Write out the listing verbatim. No pictures belong in it.

» Recorded data
____________

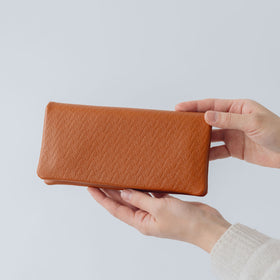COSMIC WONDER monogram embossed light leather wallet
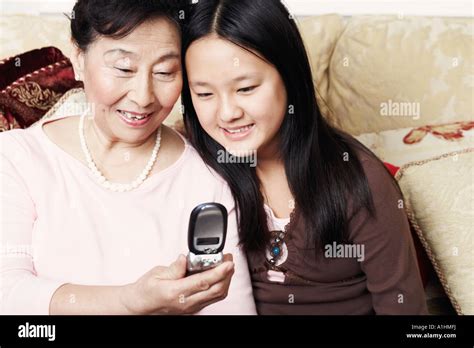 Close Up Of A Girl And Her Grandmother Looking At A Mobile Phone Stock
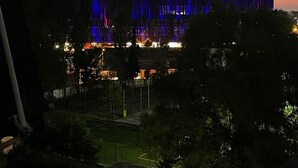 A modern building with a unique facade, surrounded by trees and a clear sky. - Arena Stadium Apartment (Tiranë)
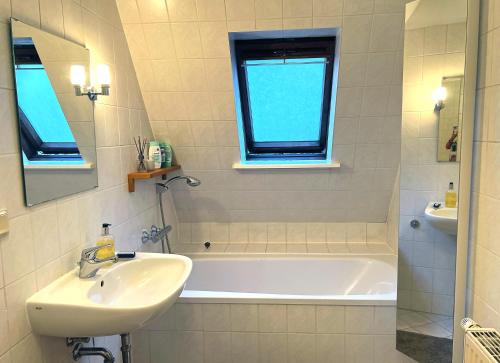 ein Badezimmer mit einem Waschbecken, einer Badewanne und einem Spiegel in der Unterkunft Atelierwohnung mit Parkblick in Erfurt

____________

» Reply
COSMIC WONDER monogram embossed light leather wallet
 Close Up Of A Girl And Her Grandmother Looking At A Mobile Phone Stock
 A modern building with a unique facade, surrounded by trees and a clear sky. - Arena Stadium Apartment (Tiranë)
 ein Badezimmer mit einem Waschbecken, einer Badewanne und einem Spiegel in der Unterkunft Atelierwohnung mit Parkblick in Erfurt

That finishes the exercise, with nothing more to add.